Go to class and watch for when the professor’s speech pattern speeds up, when they’re passionate about something they’ve been covering for years. Get B’s and C’s because even though you go to class, you should go to the party and you should see the show and you should exhaust yourself. At least once, work as a waitress so you can learn how to tip and how to survive if you need to. Look for the compliments in criticism. When someone says your writing is too flowery, let it bloom. When someone says your skirt is too short, revel in your confidence in your body. When someone says there’s no future in an English major, know that you are made of courage and passion. An hour of Candy Crush will never be as fulfilling as writing a letter to your mom, telling her what she means to you. A pile of new clothes will never be as incredible as showing up on your best friend’s doorstep across the country unexpectedly. A new computer will never mean as much as the weeks you could backpack through South America. Respect your time, your wishes, your body, your feelings, your passions, your opinions, and your right to do with all of them what you please.

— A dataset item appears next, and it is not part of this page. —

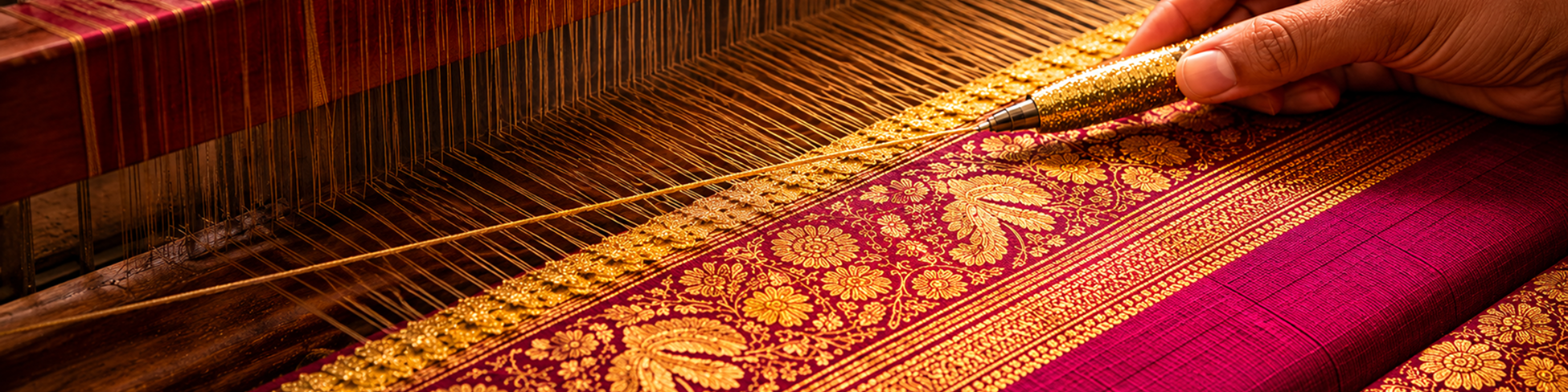 How Are Silk Sarees Made? A Step-by-Step Guide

But above all else, remember the power of kindness. Be kind to the barista that didn’t make your latte correctly because he’s making $7.50 an hour. Be kind to the bus driver who didn’t greet you because this is her third straight shift. Be kind to the boss who didn’t sleep because the baby needs to go to the doctor, again. Be kind to your parents, to your enemies, to your self. It will make you happier and in the long run, it will bring so much more into your life, and how easy is it to write a story when the story comes to you? Be a beacon of light and guide your dreams to the shore.
“I’ve never been on a date. I don’t even think a guy has liked me. ever. and I’m 19, almost 20. I feel so pathetic. I’ve never even had my first kiss. Everyone around me has had theirs, and most of them have boyfriends. I feel like it’s just never going to happen, but I want it to happen so bad. I want to get married one day and have a family. How am I going to do that if a guy never likes me back?”
Rent the movie Never Been Kissed even if you’ve already seen it. Never Been Kissed is a real film about a plausible world in which Drew Barrymore, noted hot person, hadn’t been kissed as an adult grown up with a job at an indeterminate age. While you shouldn’t go poaching for a man in a high school, you should learn to frame your life with romance rather than pathos. What wonders you have to look forward to! What drama and passion and life! What a story you will be able to tell. But that story can’t begin if you’re moping and mourning a plot you haven’t even begun to develop.
It’s true what they say, when you love yourself and you are living your best life, people gravitate to you. You are window-shopping other people’s lives and paying no attention to your own. You want someone to like you? Darling, you think you’re pathetic! That’s not a state in which you want someone to like you. It’s time to believe you’re worthy of love, not just vex over why it hasn’t found you. And sorry honeybuns, but that’s going to be a battle. Get your armor because you have shit to do. Throw yourself into your hobbies, your passions, your curiosities. Work hard, play hard and invest yourself in your life. Build the kind of home within yourself that someone else would love to live in. Because that’s when you find love, when you’ve made yourself easy to love.